START Source information

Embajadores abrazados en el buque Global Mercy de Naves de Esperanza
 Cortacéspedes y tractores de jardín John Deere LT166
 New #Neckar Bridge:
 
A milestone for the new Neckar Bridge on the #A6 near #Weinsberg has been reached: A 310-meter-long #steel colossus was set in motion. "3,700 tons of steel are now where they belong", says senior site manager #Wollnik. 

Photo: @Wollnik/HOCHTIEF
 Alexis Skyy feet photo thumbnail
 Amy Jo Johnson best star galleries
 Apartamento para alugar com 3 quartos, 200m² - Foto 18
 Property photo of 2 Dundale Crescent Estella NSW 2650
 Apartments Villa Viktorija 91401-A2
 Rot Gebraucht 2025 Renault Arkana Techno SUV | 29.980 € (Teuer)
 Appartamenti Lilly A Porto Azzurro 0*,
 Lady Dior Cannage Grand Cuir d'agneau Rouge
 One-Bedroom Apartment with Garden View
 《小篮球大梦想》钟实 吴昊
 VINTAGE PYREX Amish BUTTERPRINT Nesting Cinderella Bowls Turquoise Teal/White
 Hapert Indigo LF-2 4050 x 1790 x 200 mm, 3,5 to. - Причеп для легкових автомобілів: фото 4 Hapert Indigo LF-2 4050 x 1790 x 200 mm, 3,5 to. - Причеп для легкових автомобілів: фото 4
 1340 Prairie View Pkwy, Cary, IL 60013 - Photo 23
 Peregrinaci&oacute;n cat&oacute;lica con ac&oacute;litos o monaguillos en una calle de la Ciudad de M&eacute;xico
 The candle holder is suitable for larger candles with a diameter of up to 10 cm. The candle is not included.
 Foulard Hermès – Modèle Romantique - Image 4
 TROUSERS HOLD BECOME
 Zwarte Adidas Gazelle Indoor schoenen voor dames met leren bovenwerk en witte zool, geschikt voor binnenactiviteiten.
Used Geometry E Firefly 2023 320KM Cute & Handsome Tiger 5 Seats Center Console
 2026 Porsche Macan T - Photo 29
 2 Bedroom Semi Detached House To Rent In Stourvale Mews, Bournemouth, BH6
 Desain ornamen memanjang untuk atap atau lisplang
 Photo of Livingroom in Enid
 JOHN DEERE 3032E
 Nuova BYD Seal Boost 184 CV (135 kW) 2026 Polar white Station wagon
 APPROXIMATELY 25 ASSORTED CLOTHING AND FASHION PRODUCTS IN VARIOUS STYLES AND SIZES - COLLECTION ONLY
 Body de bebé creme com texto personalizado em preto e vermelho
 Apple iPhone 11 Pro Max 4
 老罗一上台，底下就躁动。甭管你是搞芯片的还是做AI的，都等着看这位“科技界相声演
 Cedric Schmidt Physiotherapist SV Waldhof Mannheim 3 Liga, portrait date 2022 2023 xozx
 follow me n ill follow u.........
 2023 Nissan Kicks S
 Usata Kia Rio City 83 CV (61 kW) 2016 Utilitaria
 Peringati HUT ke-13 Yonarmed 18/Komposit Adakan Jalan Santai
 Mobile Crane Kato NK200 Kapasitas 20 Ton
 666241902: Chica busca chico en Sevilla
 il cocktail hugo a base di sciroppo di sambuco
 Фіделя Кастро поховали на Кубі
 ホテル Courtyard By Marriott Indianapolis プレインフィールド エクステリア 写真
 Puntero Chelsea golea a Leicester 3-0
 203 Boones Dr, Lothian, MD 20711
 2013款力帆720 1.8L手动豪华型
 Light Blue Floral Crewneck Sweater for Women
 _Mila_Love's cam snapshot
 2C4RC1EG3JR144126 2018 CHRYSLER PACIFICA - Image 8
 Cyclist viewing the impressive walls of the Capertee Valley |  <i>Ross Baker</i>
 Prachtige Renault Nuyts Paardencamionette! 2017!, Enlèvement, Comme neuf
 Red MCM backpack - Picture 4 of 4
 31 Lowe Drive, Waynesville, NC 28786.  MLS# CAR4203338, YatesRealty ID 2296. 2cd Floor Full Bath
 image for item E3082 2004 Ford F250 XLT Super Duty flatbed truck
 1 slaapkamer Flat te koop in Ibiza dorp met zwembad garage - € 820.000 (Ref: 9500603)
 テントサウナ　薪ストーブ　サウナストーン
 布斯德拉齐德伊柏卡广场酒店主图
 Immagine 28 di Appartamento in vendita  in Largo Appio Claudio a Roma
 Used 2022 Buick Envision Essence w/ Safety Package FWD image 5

END Source information

_Task details_
All the entries must be retyped exactly.

_Solution to the problem_
Embajadores abrazados en el buque Global Mercy de Naves de Esperanza
 Cortacéspedes y tractores de jardín John Deere LT166
 New #Neckar Bridge:
 
A milestone for the new Neckar Bridge on the #A6 near #Weinsberg has been reached: A 310-meter-long #steel colossus was set in motion. "3,700 tons of steel are now where they belong", says senior site manager #Wollnik. 

Photo: @Wollnik/HOCHTIEF
 Alexis Skyy feet photo thumbnail
 Amy Jo Johnson best star galleries
 Apartamento para alugar com 3 quartos, 200m² - Foto 18
 Property photo of 2 Dundale Crescent Estella NSW 2650
 Apartments Villa Viktorija 91401-A2
 Rot Gebraucht 2025 Renault Arkana Techno SUV | 29.980 € (Teuer)
 Appartamenti Lilly A Porto Azzurro 0*,
 Lady Dior Cannage Grand Cuir d'agneau Rouge
 One-Bedroom Apartment with Garden View
 《小篮球大梦想》钟实 吴昊
 VINTAGE PYREX Amish BUTTERPRINT Nesting Cinderella Bowls Turquoise Teal/White
 Hapert Indigo LF-2 4050 x 1790 x 200 mm, 3,5 to. - Причеп для легкових автомобілів: фото 4 Hapert Indigo LF-2 4050 x 1790 x 200 mm, 3,5 to. - Причеп для легкових автомобілів: фото 4
 1340 Prairie View Pkwy, Cary, IL 60013 - Photo 23
 Peregrinaci&oacute;n cat&oacute;lica con ac&oacute;litos o monaguillos en una calle de la Ciudad de M&eacute;xico
 The candle holder is suitable for larger candles with a diameter of up to 10 cm. The candle is not included.
 Foulard Hermès – Modèle Romantique - Image 4
 TROUSERS HOLD BECOME
 Zwarte Adidas Gazelle Indoor schoenen voor dames met leren bovenwerk en witte zool, geschikt voor binnenactiviteiten.
Used Geometry E Firefly 2023 320KM Cute & Handsome Tiger 5 Seats Center Console
 2026 Porsche Macan T - Photo 29
 2 Bedroom Semi Detached House To Rent In Stourvale Mews, Bournemouth, BH6
 Desain ornamen memanjang untuk atap atau lisplang
 Photo of Livingroom in Enid
 JOHN DEERE 3032E
 Nuova BYD Seal Boost 184 CV (135 kW) 2026 Polar white Station wagon
 APPROXIMATELY 25 ASSORTED CLOTHING AND FASHION PRODUCTS IN VARIOUS STYLES AND SIZES - COLLECTION ONLY
 Body de bebé creme com texto personalizado em preto e vermelho
 Apple iPhone 11 Pro Max 4
 老罗一上台，底下就躁动。甭管你是搞芯片的还是做AI的，都等着看这位“科技界相声演
 Cedric Schmidt Physiotherapist SV Waldhof Mannheim 3 Liga, portrait date 2022 2023 xozx
 follow me n ill follow u.........
 2023 Nissan Kicks S
 Usata Kia Rio City 83 CV (61 kW) 2016 Utilitaria
 Peringati HUT ke-13 Yonarmed 18/Komposit Adakan Jalan Santai
 Mobile Crane Kato NK200 Kapasitas 20 Ton
 666241902: Chica busca chico en Sevilla
 il cocktail hugo a base di sciroppo di sambuco
 Фіделя Кастро поховали на Кубі
 ホテル Courtyard By Marriott Indianapolis プレインフィールド エクステリア 写真
 Puntero Chelsea golea a Leicester 3-0
 203 Boones Dr, Lothian, MD 20711
 2013款力帆720 1.8L手动豪华型
 Light Blue Floral Crewneck Sweater for Women
 _Mila_Love's cam snapshot
 2C4RC1EG3JR144126 2018 CHRYSLER PACIFICA - Image 8
 Cyclist viewing the impressive walls of the Capertee Valley |  <i>Ross Baker</i>
 Prachtige Renault Nuyts Paardencamionette! 2017!, Enlèvement, Comme neuf
 Red MCM backpack - Picture 4 of 4
 31 Lowe Drive, Waynesville, NC 28786.  MLS# CAR4203338, YatesRealty ID 2296. 2cd Floor Full Bath
 image for item E3082 2004 Ford F250 XLT Super Duty flatbed truck
 1 slaapkamer Flat te koop in Ibiza dorp met zwembad garage - € 820.000 (Ref: 9500603)
 テントサウナ　薪ストーブ　サウナストーン
 布斯德拉齐德伊柏卡广场酒店主图
 Immagine 28 di Appartamento in vendita  in Largo Appio Claudio a Roma
 Used 2022 Buick Envision Essence w/ Safety Package FWD image 5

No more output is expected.